Sahuru ihmal etmeyin
Özellikle yaz aylarına denk gelen oruçlarda çok uzun saatler karşı karşıya kalınan açlık sebebiyle sahur öğünü çok daha büyük önem kazanıyor. Ramazan’da en çok ihmal edilen öğün genellikle sahur olsa da bu öğün bizi gün boyunca tok tutmayı sağlayacak, sıvı kaybından etkilenmemizi en aza indirecektir. Sahura kalkmayan kişilerde; kan şekeri düşüklüğü, sindirim zorlukları, mide ve bağırsaklarda aşırı gaz birikimi, ani tansiyon yükselmesi, vücudun susuz kalması gibi sağlık problemleri olabiliyor. Ayrıca öğün sayısının az olması gün içinde yorgunluk, konsantrasyon azalması, uyku hali gibi durumlara da yol açabiliyor. Gece yenilen ağır yemekler hem mideyi rahatsız edebilir, hem de yağa dönüşme riski daha yüksektir. Bu nedenle sahurda genel olarak tok kalmamızı sağlayacak protein açısından zengin hafif besinler tercih etmek önemli.
İftarda hafif seçimler
Yaz aylarında sıcak havalarda yediklerimiz de hafifliyor. Daha kolay sindirim ve daha rahat hareket edebilmek için yemek seçimlerinde de daha hafife yönelmek gerekebiliyor. Özellikle Ramazan’da uzun saatler aç kalındığı için, boş kalmış olan mideyi aniden ağır seçimlerle doldurmak zararlı olabilir. İftarda birden yüklenmek ani tansiyon ve şeker yükselmelerine, mide barsak rahatsızlıklarına sebep olabileceği için yavaş olmanızı ve hafif şeyler tercih etmenizi tavsiye ediyorum.
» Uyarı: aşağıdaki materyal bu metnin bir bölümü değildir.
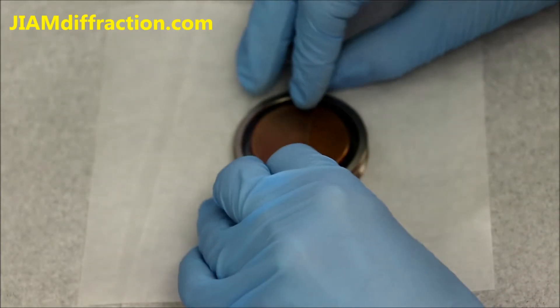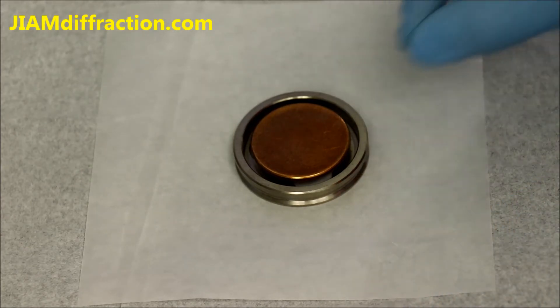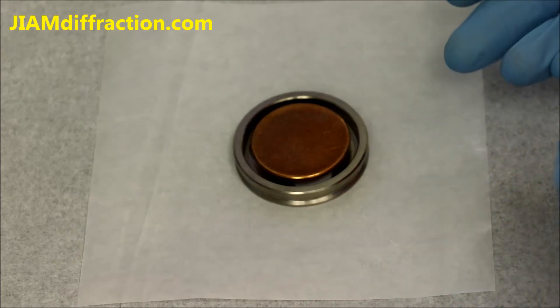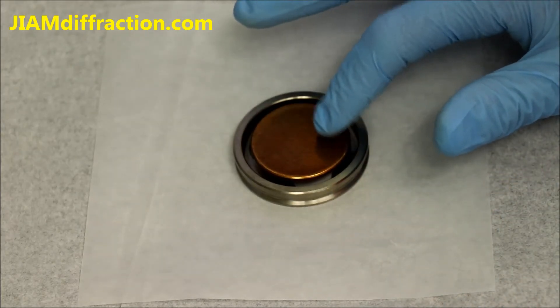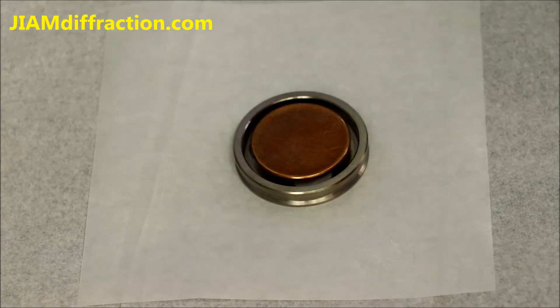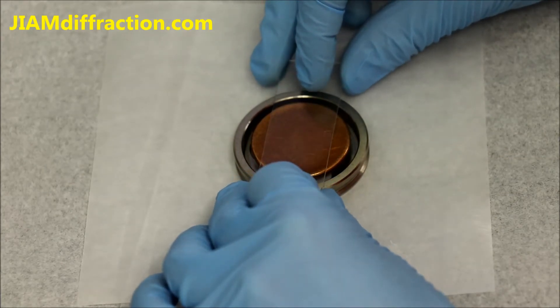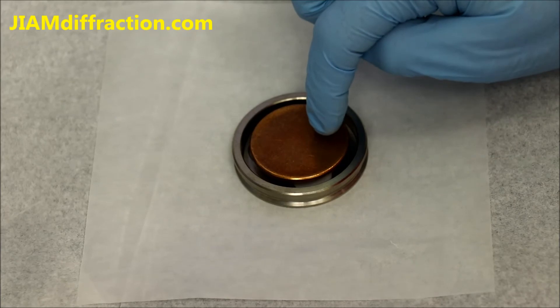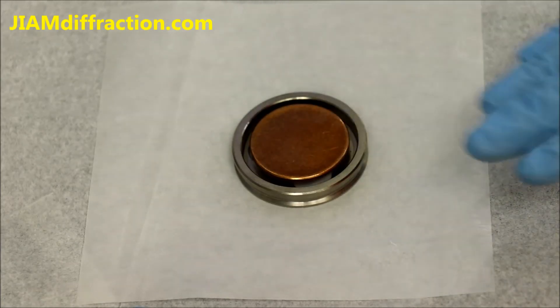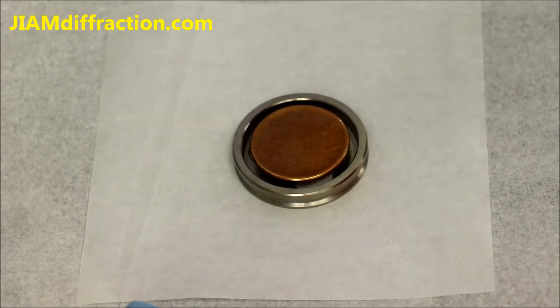I like to press down on the slide where it contacts the outer ring. Once it's nice and level, that's pretty much all of our sample preparation. If you had a much smaller sample and wanted to use this holder, you could replace this with a zero background plate. Put your sample in the center, press down, and that will make the sample level with the outside ring — the zero background plate will sit a little bit lower, but it's the top of the sample that we want level with the outside ring.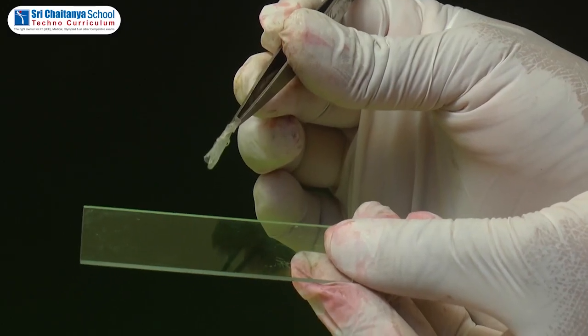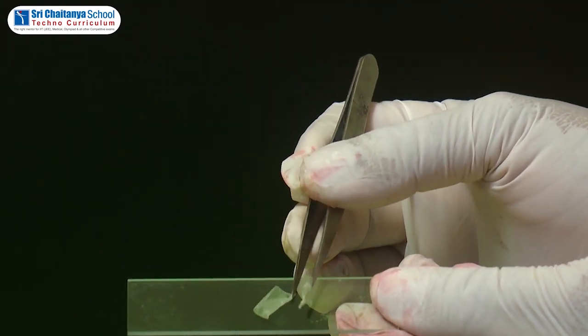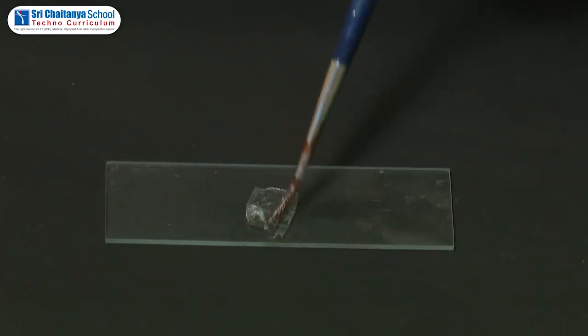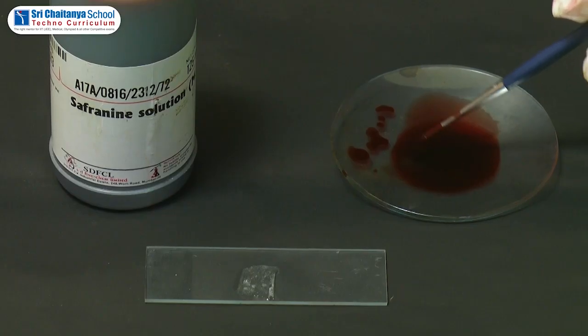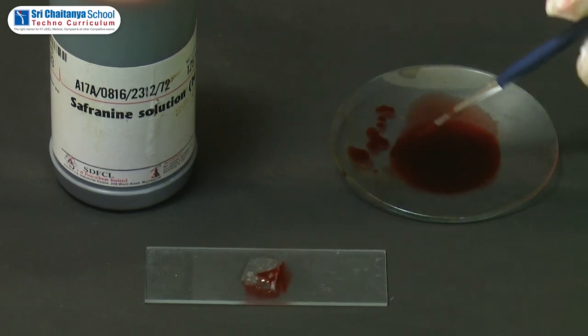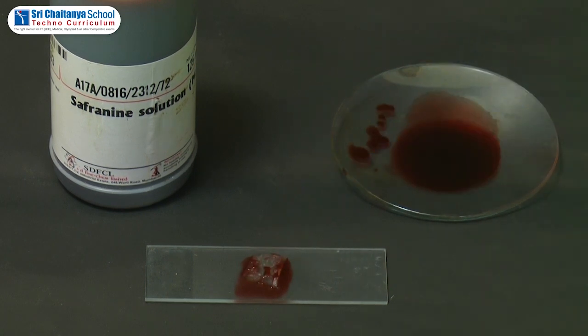Now the onion peel is placed on the glass slide. Put a drop of water on the onion peel, then stain it with safranine. The safranine is absorbed by the plant cell's cytoplasm.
Bunun için orucunu önce birkaç hurma veya zeytin ve 1-2 bardak suyla açtıktan sonra 10-15 dakika bekleyin. Daha sonra ılık bir çorba ile devam edebilirsiniz. Yemek seçimlerinde de mideyi rahatsız etmeyecek hafif seçeneklere yönelmek en doğrusudur.
Sütlü tatlılara yönelin
Ramazan’da tatlı yemek de yasak değil elbette. Ama uzun süre aç kalan metabolizmanızı ağır tatlılarla yormamak için tatlı seçimlerinde de hafif seçeneklere yönelmek sağlıklı olacaktır. Özellikle sıcak havalara denk gelen Ramazan’larda hafif tatlılar seçmek sindirim açısından da daha kolay olacaktır.
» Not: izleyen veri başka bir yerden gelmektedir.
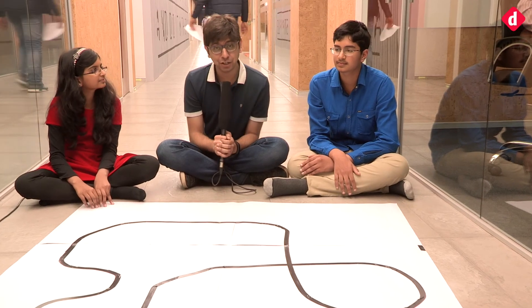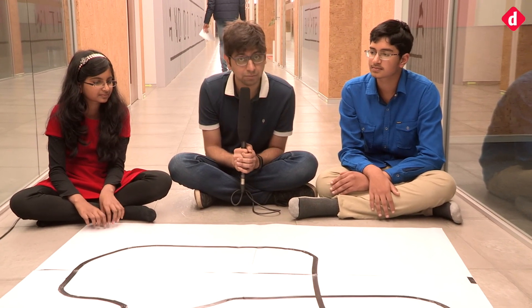Thank you so much. Well, there you have it guys — that was a look at the robotics team from India that has won and is going to participate in the RoboCup happening in Japan in a few months. You can pray for support that these guys win representing India. Thank you so much for joining us — as always, if you want more videos like this one, let us know in the comment section below. We'll catch you in another video — goodbye for now.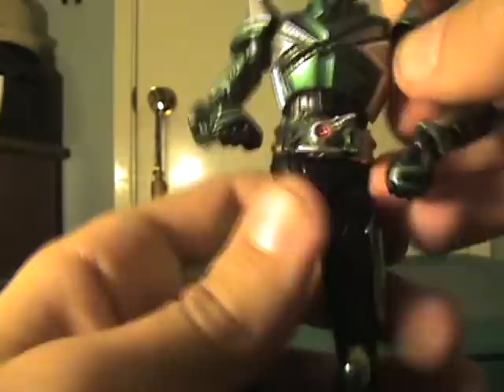He's got some pretty solid waist articulation too — nothing crazy. He can't bend over halfway backwards, which is good because he's not supposed to; he's not a contortionist. He does have a loose kneecap — it's part of the armor, it just snaps back in. I'll be strengthening that later tonight and it will be perfect. That's such an easy fix that I do not care.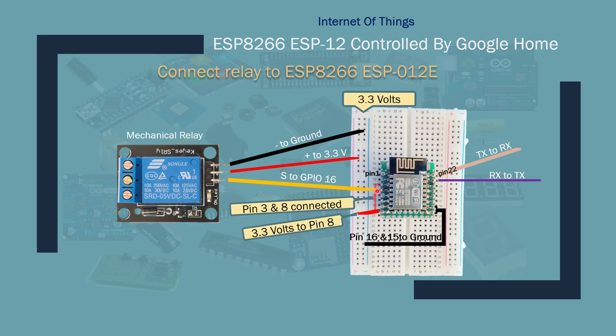For the relay, it runs on 5V but can sometimes be controlled through the 3.3V programming board. For the relay wiring: connect the negative pin to ground, connect positive to 3.3V or 5V (note the ESP board only runs on 3.3V — running it at 5V will fry it or cause instability). The third wire is the signal wire, which goes to GPIO 16 in my case. If you're using a different GPIO or board, make sure to change it in your code.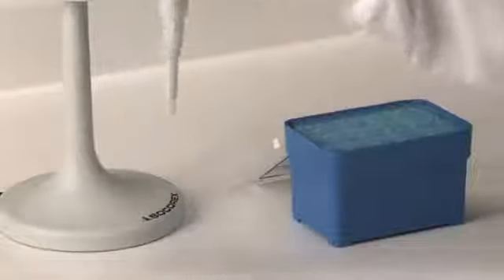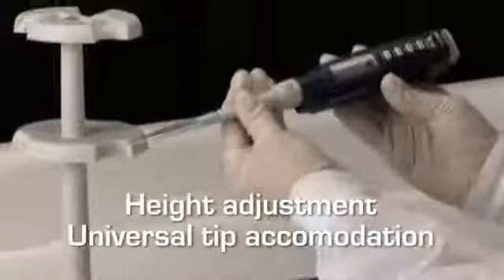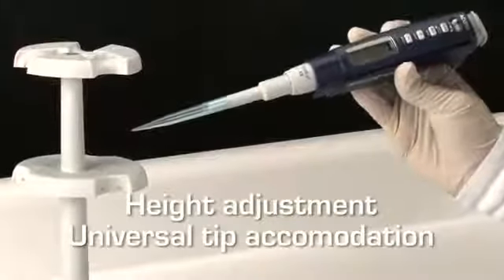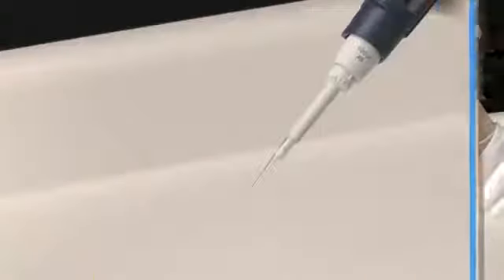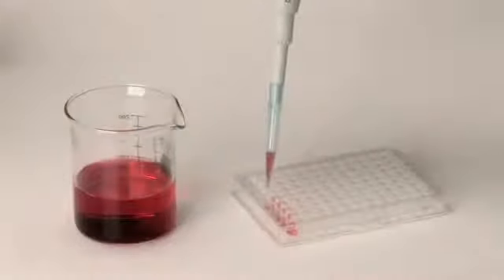Acura Electro Pipettes fit the most popular brands of disposable tips. The tip ejector is adjustable within a 4mm span, simply by turning the ejector sleeve. The reduced shaft length and conical end of the 926 XS improves drivability and access to small microtubes and microplates.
Tatlınızı yemekten hemen sonra yemek yerine, birkaç saat sonra yemeyi tercih ederseniz tokluk hissedeceğiniz için porsiyon kontrolü yapmak da kolaylaşır. Hafif sütlü tatlılar, meyve tatlıları veya dondurma tercih edebiliriniz, sindiriminin kolay olmasının yanı sıra de uykuya geçişinizi kolaylaştırır.
Lifli beslenin
Kabızlık ve bağırsak problemleri Ramazan’da en sık karşılaşılan problemlerden. Kabızlığın temelinde yanlış beslenme, yetersiz sıvı tüketimi, hareketsizlik ve stres ve psikolojik durum gibi sebepler yatıyor. Özellikle yaz aylarında iftar çok geç saatlerde olduğu için ve uzun süren açlık ile karşı karşıya kalındığı için kişiler egzersize pek vakit ayıramayabiliyor. Bunun yanı sıra bir de terle sıvı artınca ve iftarla sahur arasında yeterli sıvı desteği yapılamayınca bağırsak problemleri daha sık yaşanabiliyor.
Doğru beslenme ve düzenli egzersiz ile bu sorunu büyük ölçüde çözebilirsiniz. Lifli yiyecekler bağırsakların hareketlenmesini sağlar. Lif alımını artırmak için beyaz ekmek ve rafine tahıllar yerine tam tane tahıl ürünleri ile baklagilleri kullanın. Pirinç yerine bulgur, beyaz ekmek yerine tam buğday ekmeği tercih edebilirsiniz, sebze ve meyve tüketimini de ihmal etmeyin.